Dave pretty much instantly became a fixture in our group and when Thanksgiving break came he proposed we all meet at Seneca for a day. By then I had been climbing for two years but had yet to climb any multi-pitch. And so when Dave proposed that he would lead Paul and I up Seneca we jumped on the chance.
We reached Seneca in the early morning hours and made a quick stop at the climbing shop – The Gendarme. The shop, still in operation, is named after a famous rock pinnacle at Seneca that collapsed in the early morning hours of October 22nd, 1987. We stopped by because Dave had a specific climb in mind which featured a nasty off-width. And this was back before most climbers had #4 camalots and other wide gear.
Dave, wiry, shifty and skinny, walked into the shop and announced, “We’re going to climb Solar” and the shop owner solemnly and ceremoniously handed us a piece of pipe with a hole drilled through the center and a piece of cord tied through it.
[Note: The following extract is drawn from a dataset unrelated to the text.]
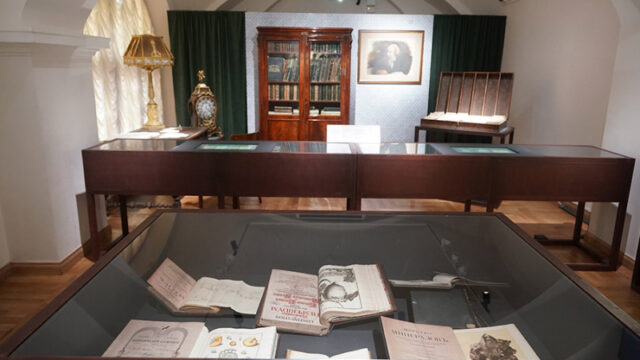 izvestija-pobyvali-na-vystavke-v-chest-160-letija-politehnicheskoj-biblioteki-7671daf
And then we were off. Across the headwaters of the Potomac which is so small in the mountains of West Virginia, and up through the woods to a sketch – don’t dare fall – 4th class scramble to the roadworthy sized Broadway Ledge to the base of a giant wide crack: Solar. Two pitches. 5.7. Or should I say, Seneca 5.7, which one quickly learns is a respected grade.
We roped up and Dave led off. 50 feet of 5.7 rock with decent gear to 100+ feet of wide arm and knee bars. The pipe clanged against the rock as Dave ascended. A clang that over the years we learned to recognize as the sound of Solar. These days you no longer hear the clang and people talk about carrying a #4 and a #5. The clang and the magic of carrying or watching someone carry the pipe up the first pitch and the shout of thrill when the pipe eased into the crack and the climb felt safe for a brief instant was a moment that instilled a sense of adventure and pushed me onto a path that I followed for many years.
We followed and I ceremoniously removed the pipe and we regrouped on a small ledge 150′ above Broadway Ledge. Paul lead the second pitch. Wildly overhanging with huge holds. The gear is good but it keeps getting steeper and steeper until your body hangs way out over from where you started and suddenly you’re pulling over a lip and onto a ledge and 2 steps puts you on the top of Seneca with nowhere to go but down.
The three of us sat around on the summit looking in all directions elated and giddy. Then unroping and a careful downclimb to the rap anchors, where we safely descended. But our high lingered for days and weeks. And because we kept climbing the high lasted for months that turned into years. We were just kids and while we certainly didn’t find anything on Seneca that day beyond temporal satisfaction, we all discovered that we needed to keep searching.
Not much later Dave quit school to become a climbing bum and moved to Hueco Tanks, Paul graduated from college and moved to the mountains of Colorado and I moved to Anchorage so I too could be near the mountains. We’re all still searching. And I like to think that those choices all came from that day at Seneca and the sound of that pipe and Dave’s yell when he placed it and the sun on the summit and the shop owner’s smile when we handed the pipe back to him because he saw our smiles and he knew.